Data excerpts >>
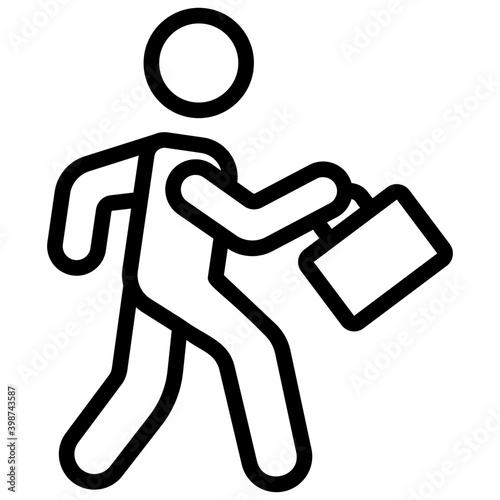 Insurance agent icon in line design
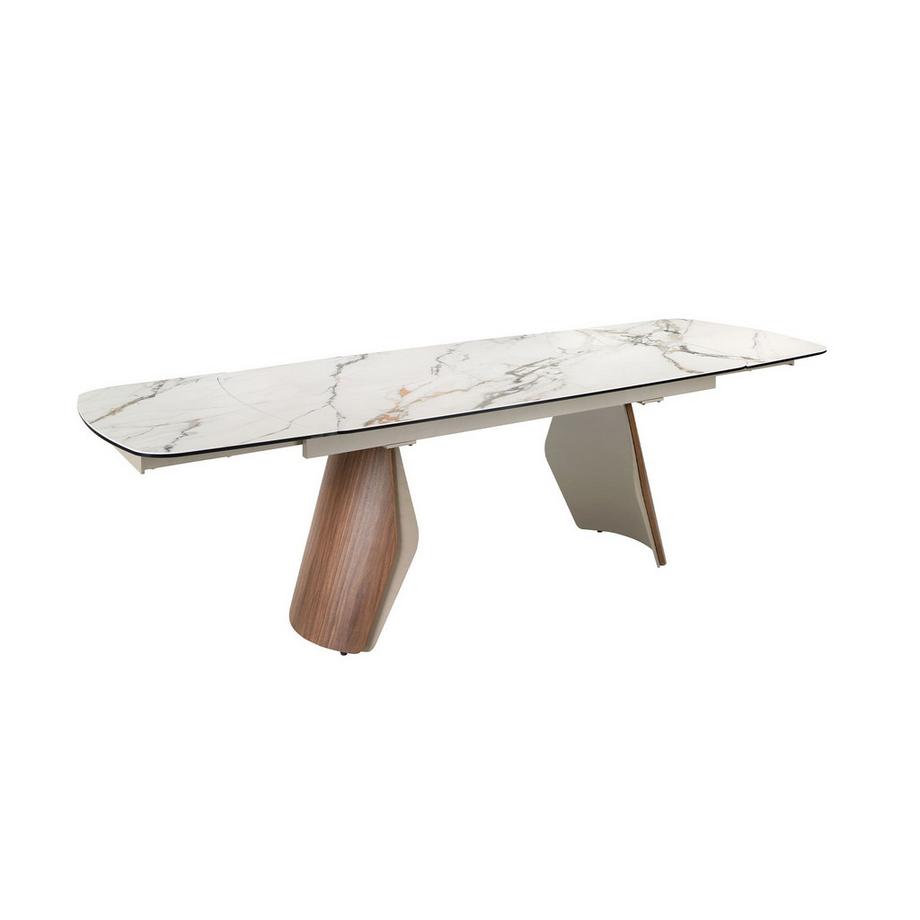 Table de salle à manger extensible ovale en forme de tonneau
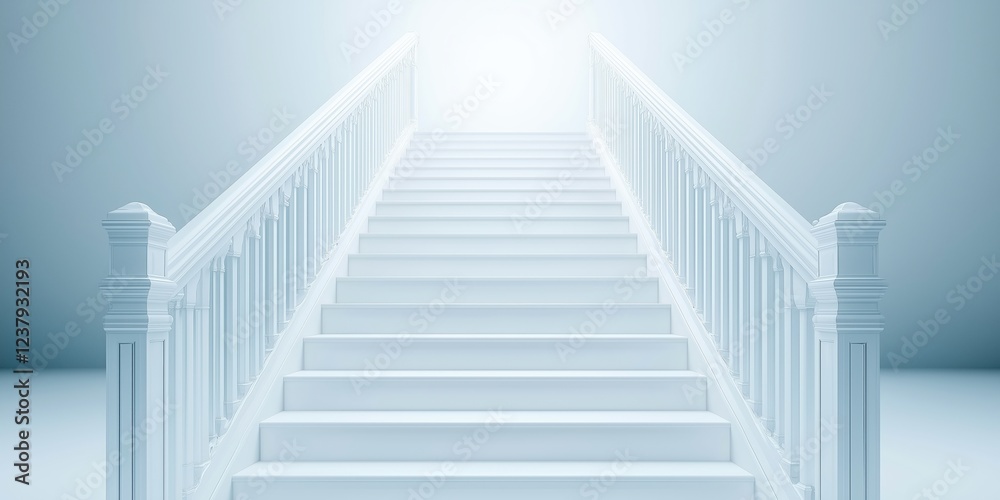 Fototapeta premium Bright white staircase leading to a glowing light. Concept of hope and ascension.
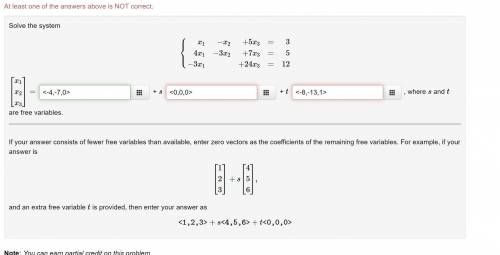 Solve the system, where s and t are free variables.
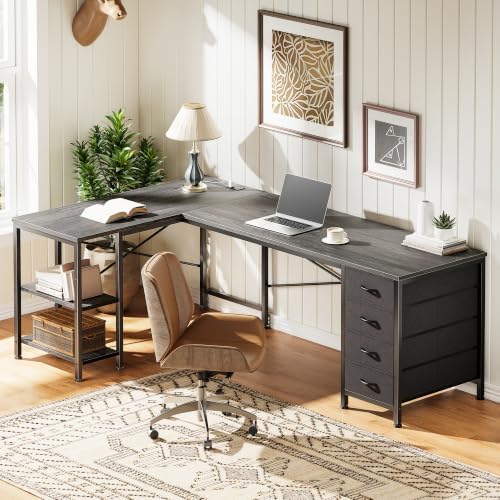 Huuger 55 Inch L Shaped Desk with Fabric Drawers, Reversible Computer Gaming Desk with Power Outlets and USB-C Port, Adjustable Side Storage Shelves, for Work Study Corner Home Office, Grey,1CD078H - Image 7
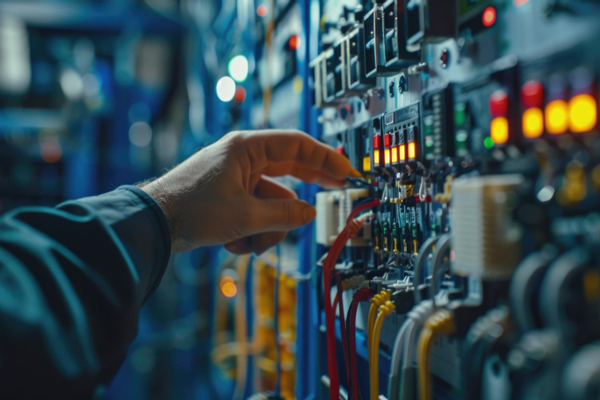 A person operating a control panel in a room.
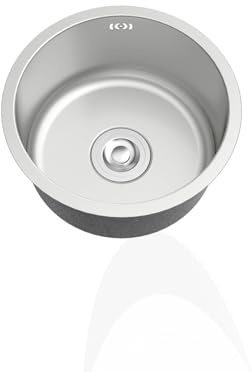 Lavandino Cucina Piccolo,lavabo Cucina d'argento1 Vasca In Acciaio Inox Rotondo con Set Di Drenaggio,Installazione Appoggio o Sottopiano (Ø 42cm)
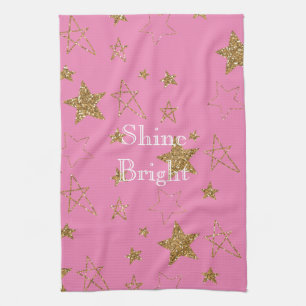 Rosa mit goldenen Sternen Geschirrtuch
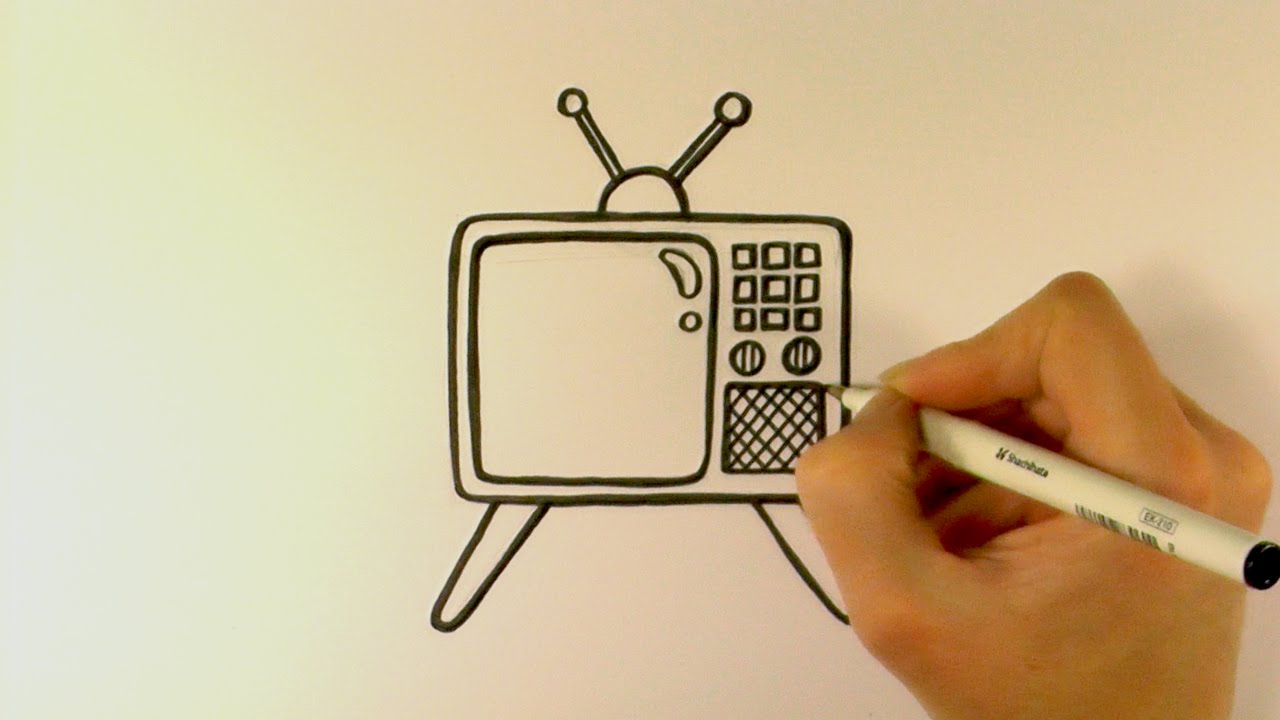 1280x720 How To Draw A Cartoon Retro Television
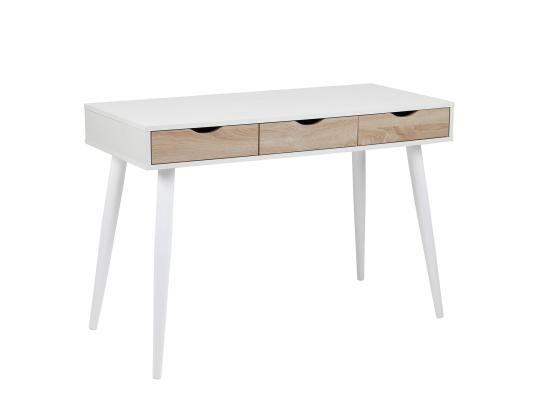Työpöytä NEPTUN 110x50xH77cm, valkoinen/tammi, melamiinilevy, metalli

Task instructions >> Return only what lies between the line containing "1280x720 How To" and the last line of the listing, those two lines included, exactly as written and with no pictures.

Exercise solution >>
 1280x720 How To Draw A Cartoon Retro Television
Työpöytä NEPTUN 110x50xH77cm, valkoinen/tammi, melamiinilevy, metalli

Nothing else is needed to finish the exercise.